Two songs were recorded at the first session in July, "Corcovado" and "Aos Pes Da Cruz," and released as Columbia singles 4-33059 and 4-4-42583; neither made a dent in the chart. The pair returned to longer forms for the subsequent sessions, Evans perhaps not given enough time to finish the charts for the earlier session. The attempt to mix potential hit singles and Evans' writing style for Davis, essentially concertos for jazz trumpeter, may have torpedoed the project.
After three sessions spread over four months, the yield was approximately 20 minutes of usable music, enough for an album side but not an entire album. Evans and Davis never made it back into the studio to complete more recordings, and the project was shelved. Faced with the expenses from the large ensemble and the studio time, producer Teo Macero added a quartet track from an April 1963 session in Hollywood to complete the album and give the label something to show for its investment, Quiet Nights, released two years after the start of recording. Davis was furious at the release of what he viewed as an unfinished project, and did not work with Macero again until the October 1966 sessions for Miles Smiles.
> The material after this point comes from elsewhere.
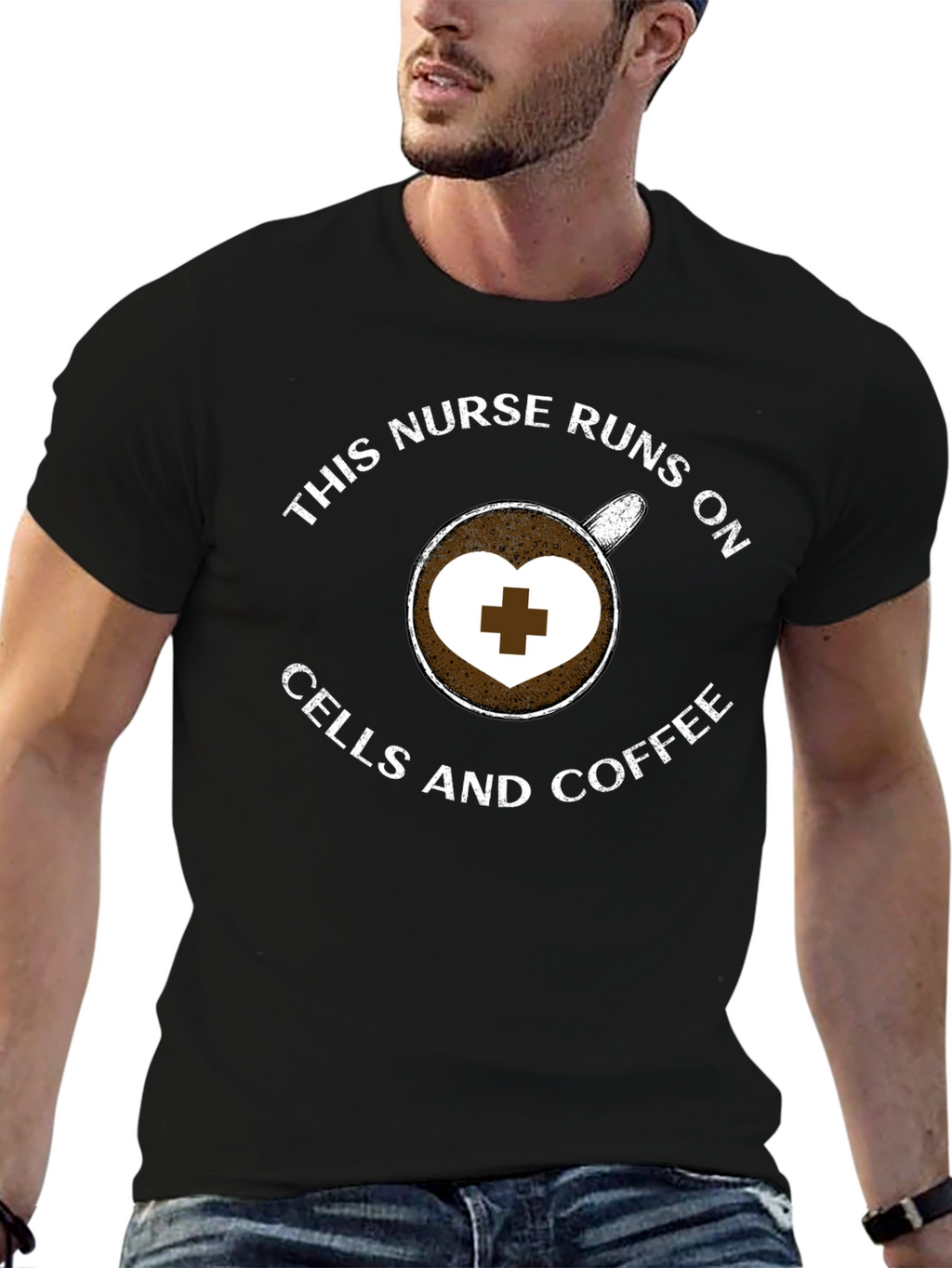 Nurse Coffee T-Shirt - Runs on Cells and Coffee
The added tune, "Summer Night," was an outtake by Davis' group as recorded for the album Seven Steps to Heaven.
On September 23, 1997, Legacy Records reissued the album for compact disc with the bonus track "Time of the Barracudas" recorded in Hollywood on October 9 and 10, 1963. Written as a commission from Peter Barnes to accompany a production of his play of the same name starring Laurence Harvey and Elaine Stritch, it is unknown whether the music was actually used for its intended purpose.